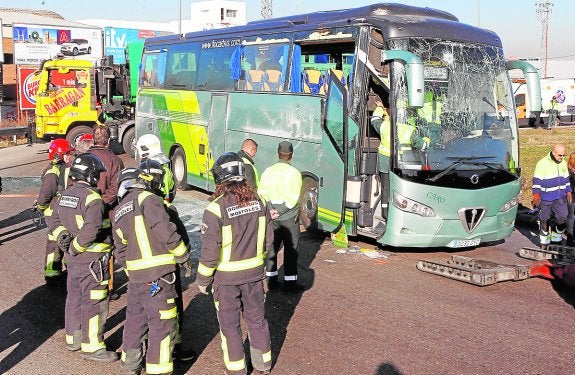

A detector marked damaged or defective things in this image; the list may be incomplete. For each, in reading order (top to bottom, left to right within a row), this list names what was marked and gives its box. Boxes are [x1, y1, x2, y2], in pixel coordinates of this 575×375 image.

damaged green bus [137, 4, 544, 250]
shattered windshield [388, 38, 516, 184]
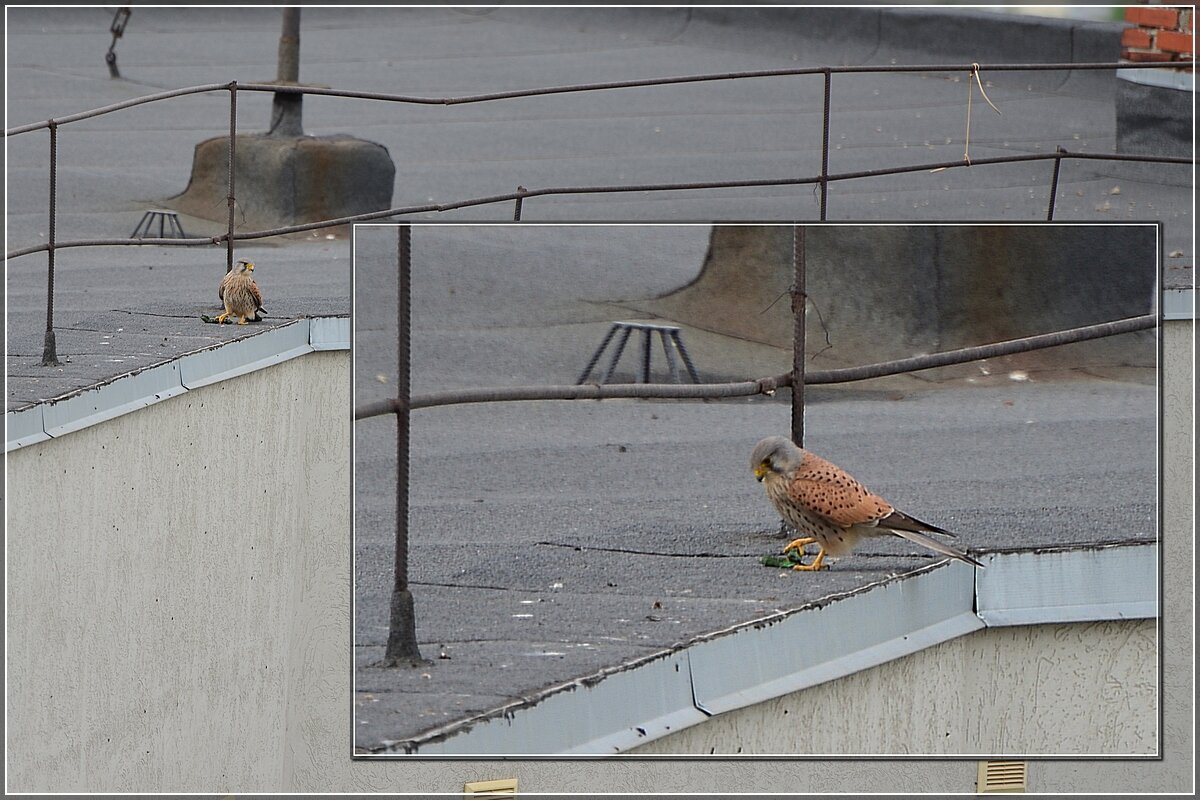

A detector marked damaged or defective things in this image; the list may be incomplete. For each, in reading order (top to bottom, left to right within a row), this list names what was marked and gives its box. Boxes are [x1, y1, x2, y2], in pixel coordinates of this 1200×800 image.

rusty metal railing [4, 58, 1192, 366]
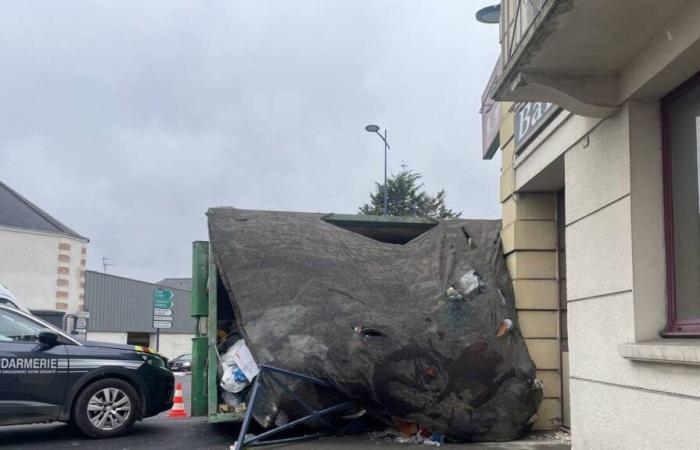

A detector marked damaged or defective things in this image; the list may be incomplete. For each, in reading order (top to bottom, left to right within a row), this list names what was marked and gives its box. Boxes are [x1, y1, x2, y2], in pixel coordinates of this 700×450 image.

torn tarpaulin [208, 209, 540, 442]
damaged enclosure [205, 209, 544, 442]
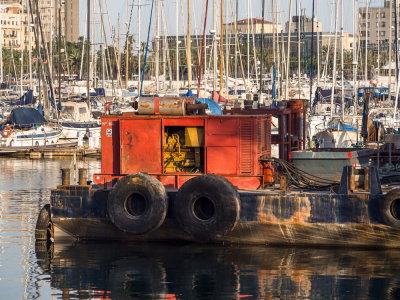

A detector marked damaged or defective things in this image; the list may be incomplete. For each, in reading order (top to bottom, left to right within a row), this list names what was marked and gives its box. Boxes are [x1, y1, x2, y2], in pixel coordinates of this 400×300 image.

rusty metal hull side [50, 188, 400, 248]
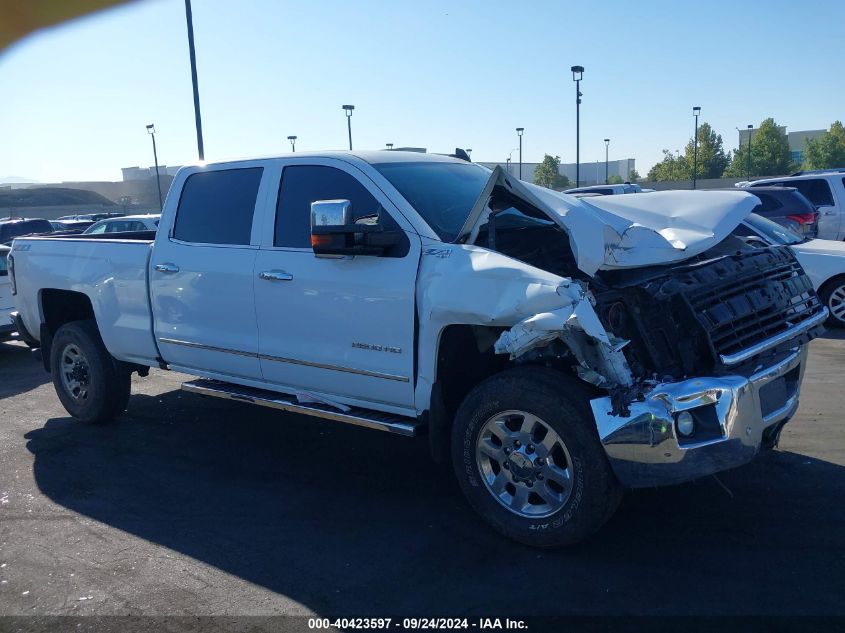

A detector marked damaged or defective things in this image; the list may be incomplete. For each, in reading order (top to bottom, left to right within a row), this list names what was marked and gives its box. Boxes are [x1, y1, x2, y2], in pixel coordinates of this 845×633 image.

crumpled hood [458, 167, 760, 276]
crumpled sheet metal [462, 167, 760, 276]
damaged front end [454, 165, 824, 486]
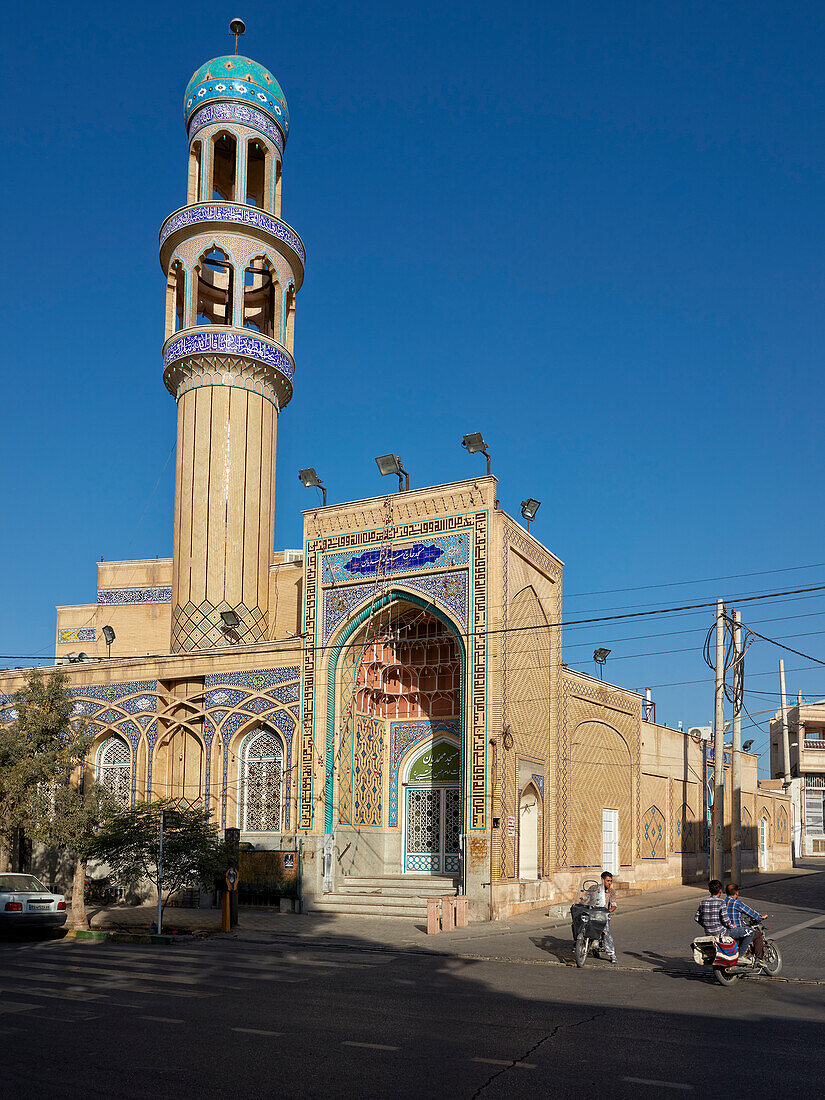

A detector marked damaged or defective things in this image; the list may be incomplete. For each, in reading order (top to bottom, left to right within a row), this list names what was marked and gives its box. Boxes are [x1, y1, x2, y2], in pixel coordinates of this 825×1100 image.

road crack [468, 1007, 611, 1095]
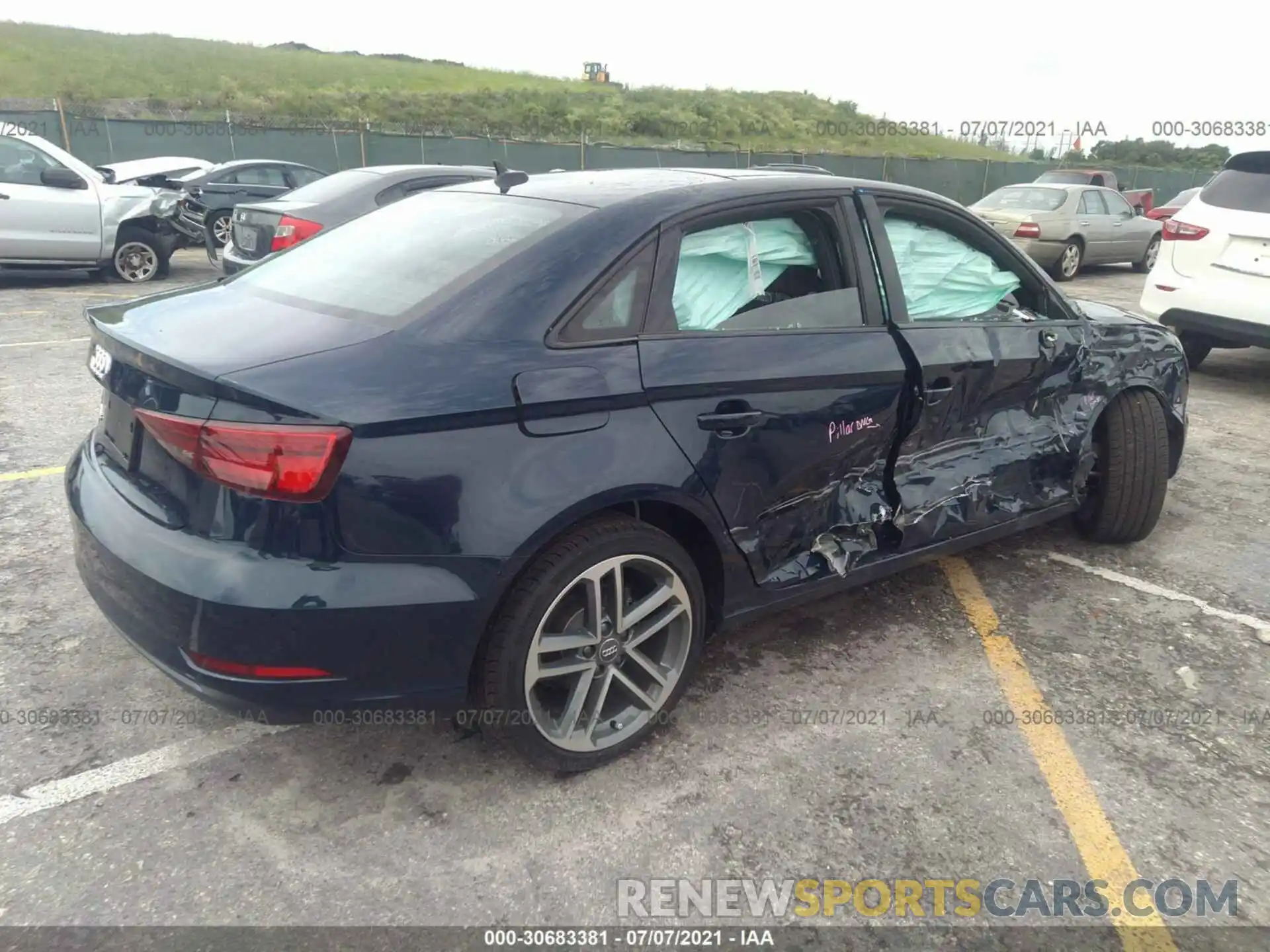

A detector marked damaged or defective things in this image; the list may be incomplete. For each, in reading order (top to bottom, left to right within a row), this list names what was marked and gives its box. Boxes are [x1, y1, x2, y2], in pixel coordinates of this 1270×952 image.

shattered side window [884, 214, 1021, 320]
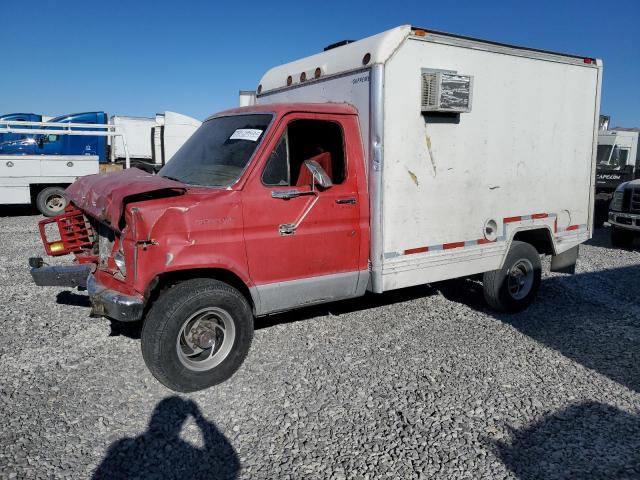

What you should do: Output only the lines from the one that contains "this 845×633 image." to the end of the entries above, both end lines included, and drop the pictures.

Written reply:
A detector marked damaged or defective things in this image; the list may be incomplete. For each, in reading order (top to bottom, left to right within a row), this list names what was marked and gives its box. Boxes are [x1, y1, x2, y2], in pixel coordinates of this 845×633 image.

crumpled hood [458, 167, 760, 276]
crumpled sheet metal [462, 167, 760, 276]
damaged front end [454, 165, 824, 486]

A detector marked damaged or defective things in this image; the list may be incomplete. For each, in reading order (top to bottom, left to right within a row), this list names what was marked and gives its box. Boxes are [x1, y1, x2, y2], in pixel coordinates of this 825×1100 image.

road crack [468, 1007, 611, 1095]

A detector marked damaged or defective things in this image; the list may be incomplete. For each, in reading order (top to bottom, left to right within a row), this list names what was marked and gives its box. Boxes are [x1, y1, x2, y2], in pixel coordinates of this 1270×952 image.

shattered side window [884, 214, 1021, 320]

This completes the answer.